The Crew-2 mission will see Endeavour carry NASA astronauts Shane Kimbrough and Megan McArthur, Thomas Pesquet of the European Space Agency (ESA) and Akihiko Hoshide of the Japan Aerospace Exploration Agency (JAXA) to join the Expedition 65 crew aboard the International Space Station (ISS).  It is the third crewed mission overall for SpaceX and its Crew Dragon vehicle following its Demo-2 flight last year and the Crew-1 mission which remains in orbit. 


SpaceX developed an initial version of the Dragon spacecraft under NASA’s Commercial Orbital Transportation Systems (COTS) program to provide cargo services to the Station.  This version of Dragon first flew in December 2010 and went on to make 20 resupply runs to ISS under a Commercial Resupply Services (CRS) contract.

This version has now been retired, with the enhanced Dragon v2 spacecraft developed as part of the Commercial Crew Program, taking its place.  This v2 Dragon can fly in the crewed configuration that is being used for Friday’s mission while an uncrewed version has also been developed to take over cargo missions under the second phase of CRS.

SpaceX was also one of two companies selected to carry US and international crews to the Station under NASA’s Commercial Crew program, with Boeing’s Starliner also chosen.  The third spacecraft used for ISS crew rotation is Russia’s Soyuz.

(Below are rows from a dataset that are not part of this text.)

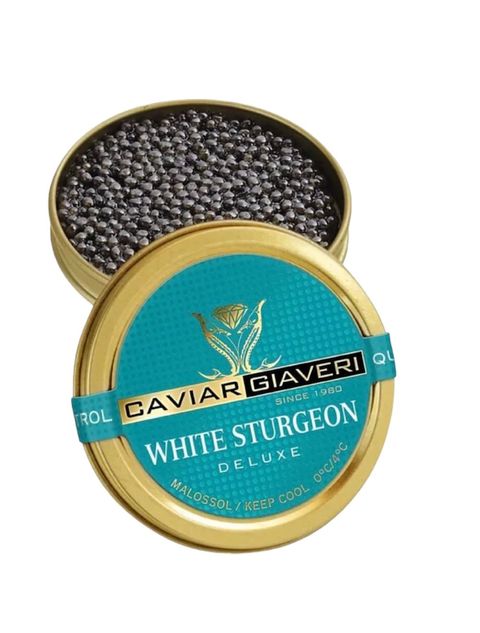 藍蓋Caviar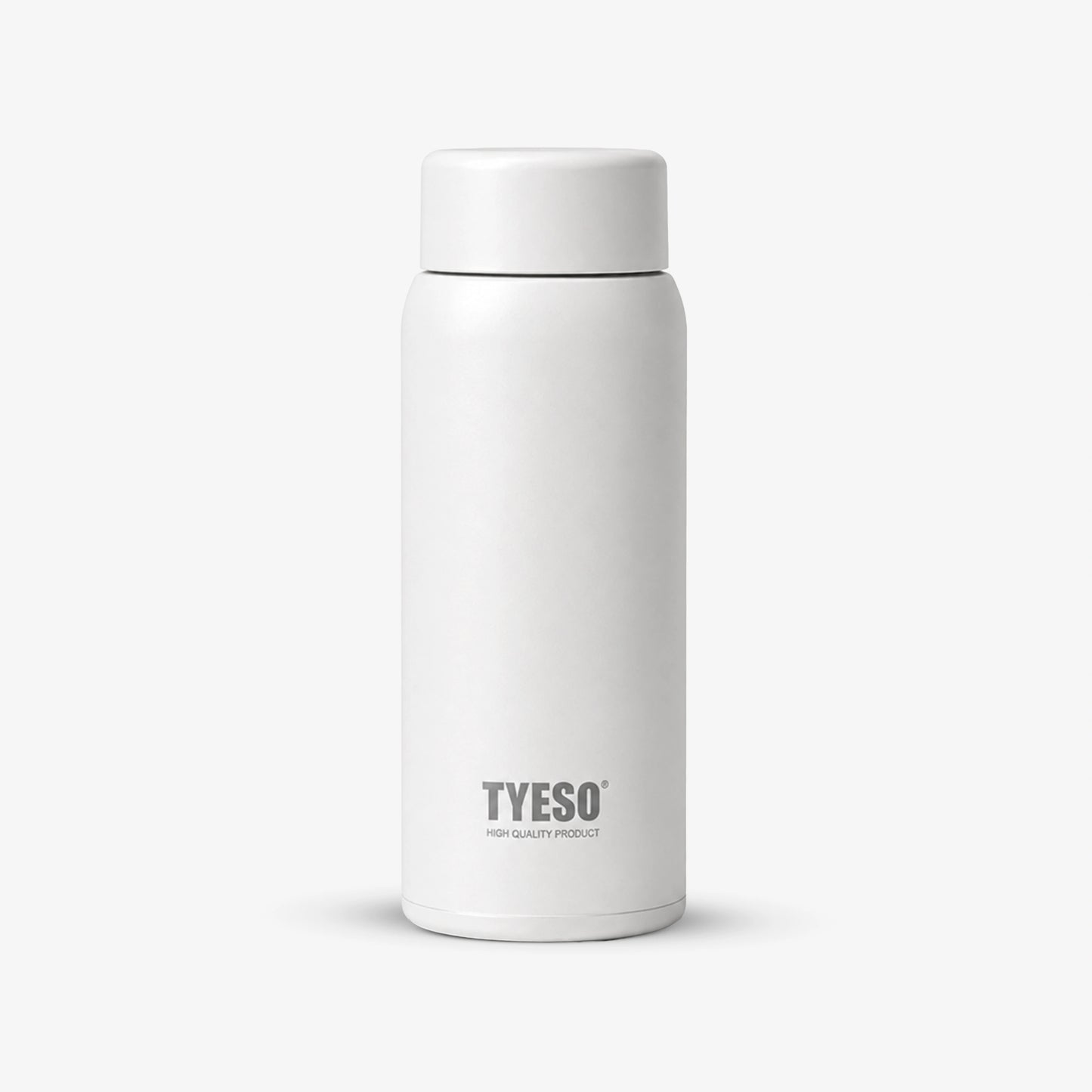 Premium Mini Insulated Stainless Steel TYESO Bottle 200ml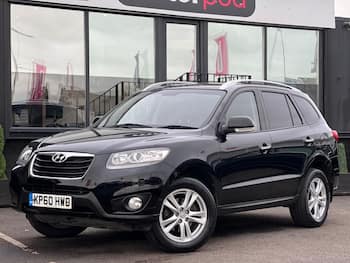 Used Hyundai Santa Fe 2010 for sale - 79829294: Photo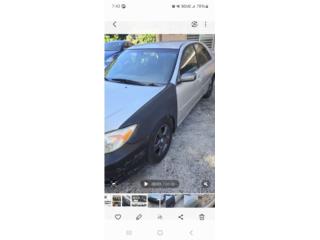 Toyota Puerto Rico Camry v6 2002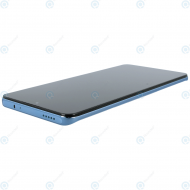 Xiaomi 12T (22071212AG) Display unit complete blue 560005L12A00_image-4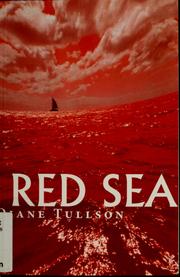Cover of Red sea by Diane Tullson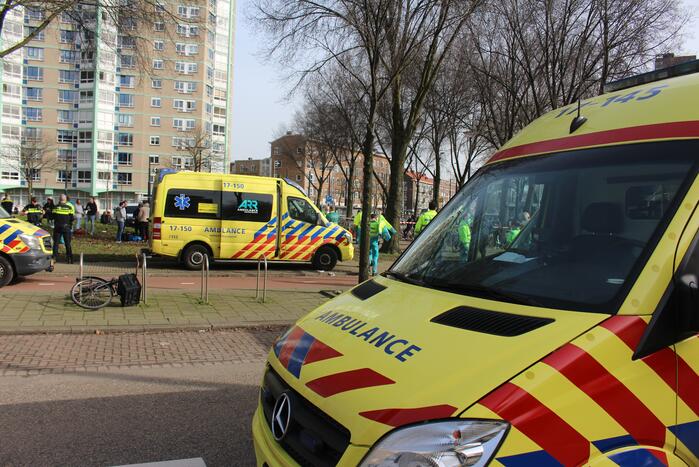 Metroverkeer stilgelegd na rook onder RET-metro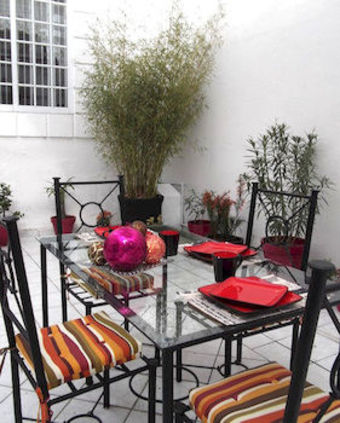 Bed & Breakfast Hostal Galerie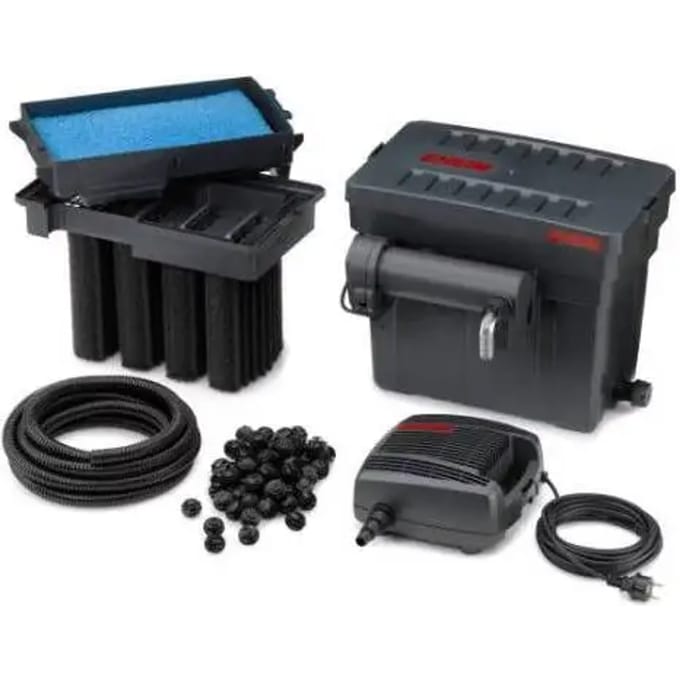 Eheim vijverfilter Looppro 8000 set filter - uv - pomp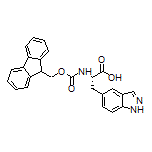 (S)-2-(Fmoc-amino)-3-(1H-indazol-5-yl)propanoic Acid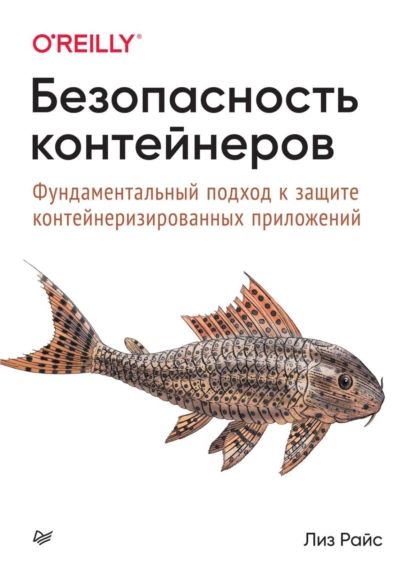 Безопасность контейнеров. Фундаментальный подход к защите контейнеризированных приложений (pdf+epub) | Райс Лиз | Электронная книга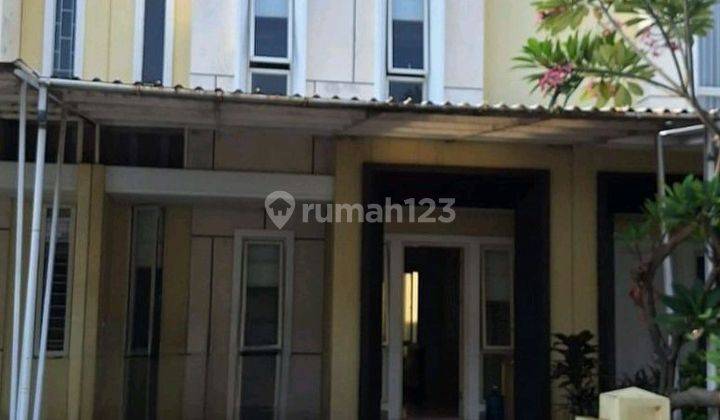 Alam Sutera Leora Rumah Siap Huni 2 Lantai Minimalis 1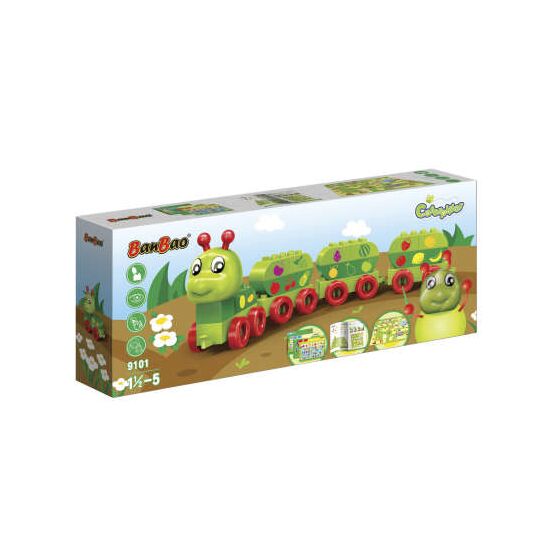 CATERPILLAR Chenille Fruits (39)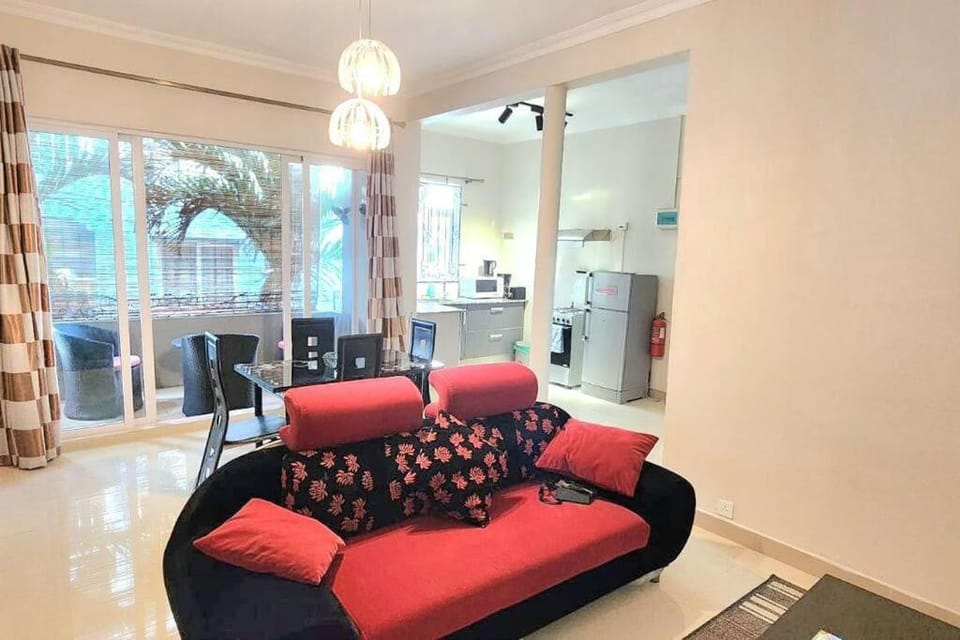 Number 6, Pebble Bay Appartments Apartment in Grand Baie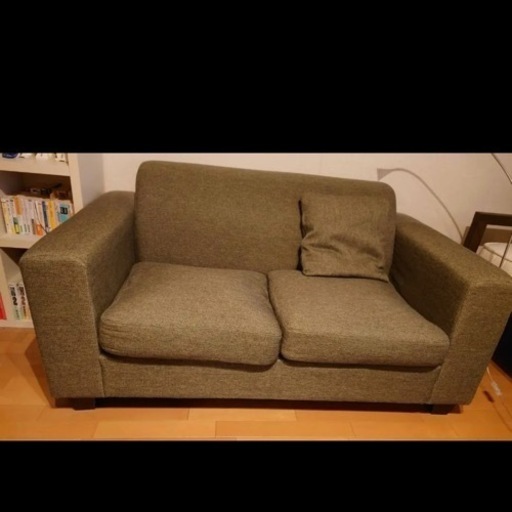 ノーチェ　2人掛けソファ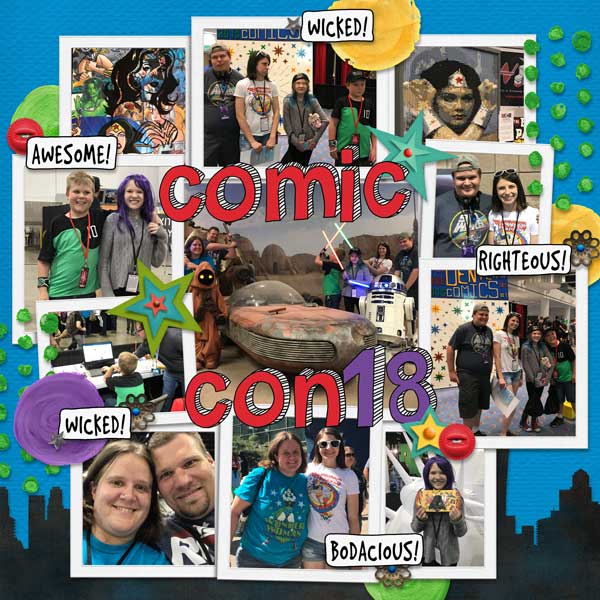 Comic Con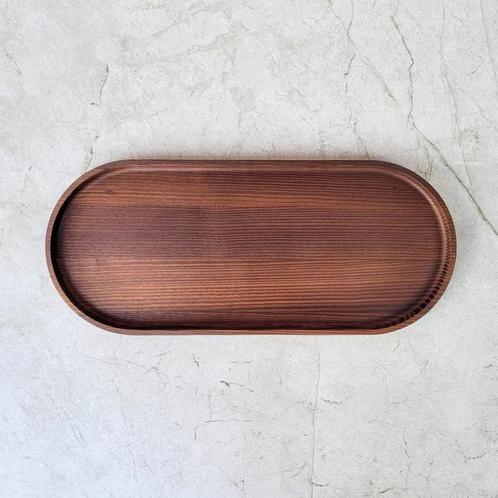 HOCHO Essenhouten Serveer Dienblad – 350x150x15 mm – Har, Huis en Inrichting, Keuken | Keukenbenodigdheden, Nieuw, Ophalen of Verzenden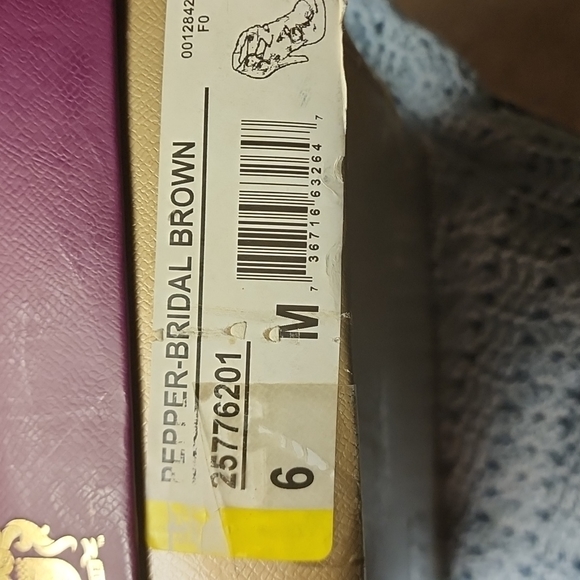 Fergie high heels - Picture 5 of 6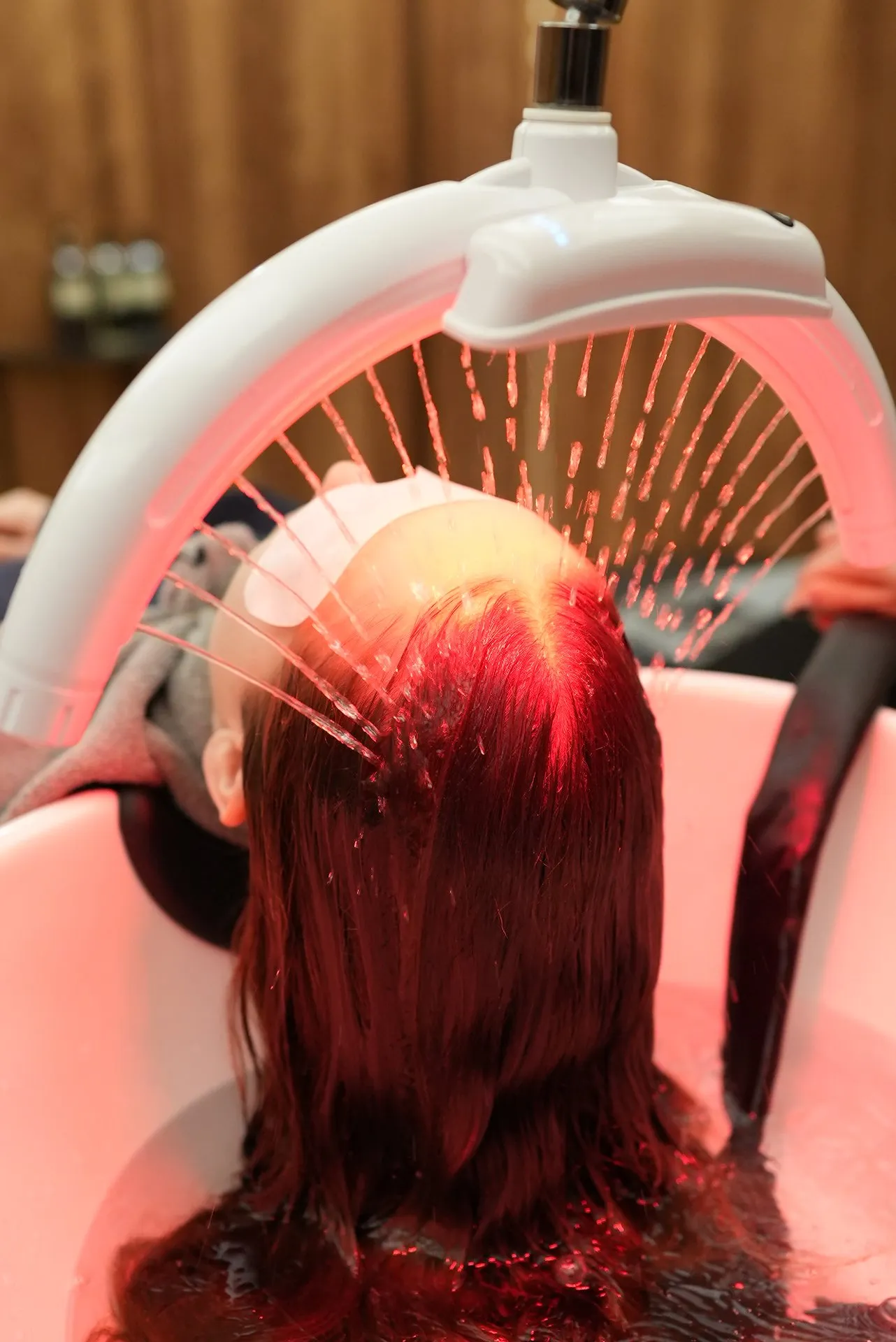 Premium 18-Step Scalp Spa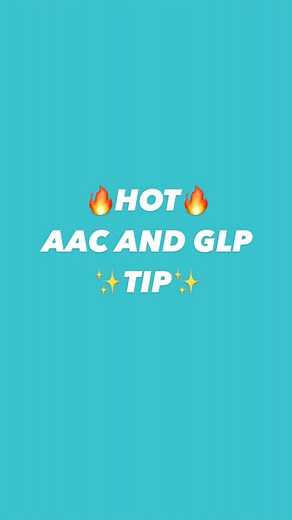 Laura Hayes | SLP & AAC Specialist on Instagram: "It’s AAC (augmentative and alternative communication) awareness month. Here is a quick tip on how you might imbed potential gestalts into AAC systems for GLPs in early stages of gestalt language development. Simply search yarn.io for a short mitigable phrase from the user’s favorite media. This could be songs, tv shows, movies, etc. Once you find one that might work, download it to your iPad video library OR use screen recording to capture the au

Like the Space Shuttle before it, Crew Dragon is reusable – the first reusable human capsule launch and entry system in the world.  The Crew-2 mission marks the second flight to orbit for Endeavour, spacecraft C206, which flew the historic Demo-2 mission in May 2020.

The first crews to fly on a new Dragon v2 have the honor of choosing the craft’s name – with Endeavour’s being announced by her first crew shortly after she reached orbit on the Demo-2 mission.  It was named specifically after and in honor of the Space Shuttle Endeavour, the last of NASA’s Space Shuttle orbiters to be built and the first spacecraft aboard which both of the Demo-2 astronauts flew.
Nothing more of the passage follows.